- _Try it_: Starting from the line with "Doudoune Canada goose" and going up to and including the line with "Hotel The Infinite Resort Nakhon Sawan", copy the listing below exactly. Leave all images out.

- _Information supplied_:
============

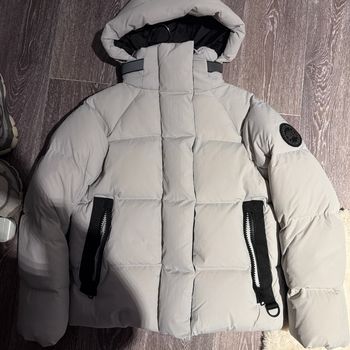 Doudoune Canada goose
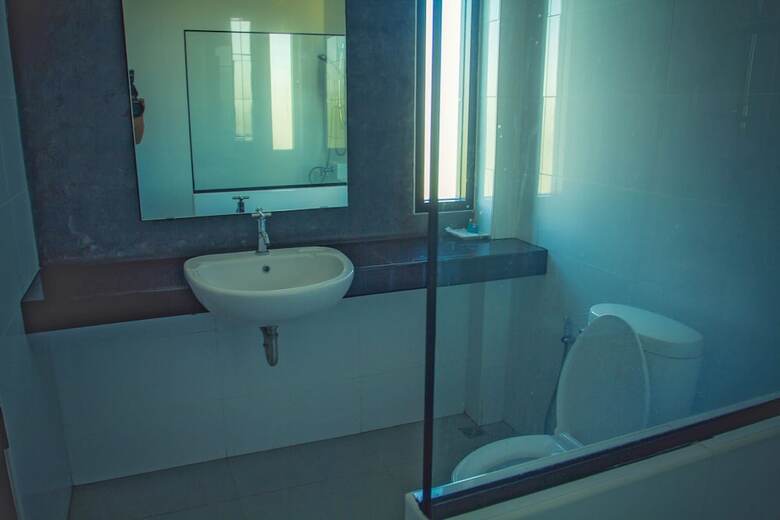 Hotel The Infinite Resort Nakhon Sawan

============

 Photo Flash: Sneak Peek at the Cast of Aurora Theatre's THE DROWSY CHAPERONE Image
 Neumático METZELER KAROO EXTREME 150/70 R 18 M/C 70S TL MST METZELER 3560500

============

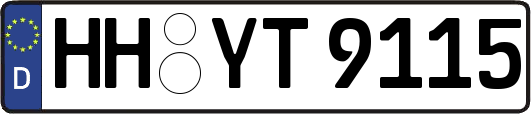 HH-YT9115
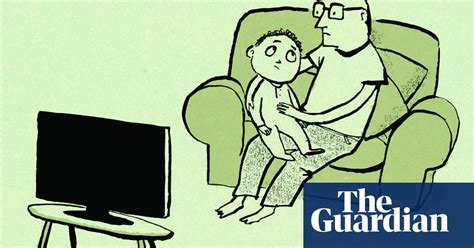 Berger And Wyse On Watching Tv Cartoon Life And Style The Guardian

============

- _Written response_:
 Doudoune Canada goose
 Hotel The Infinite Resort Nakhon Sawan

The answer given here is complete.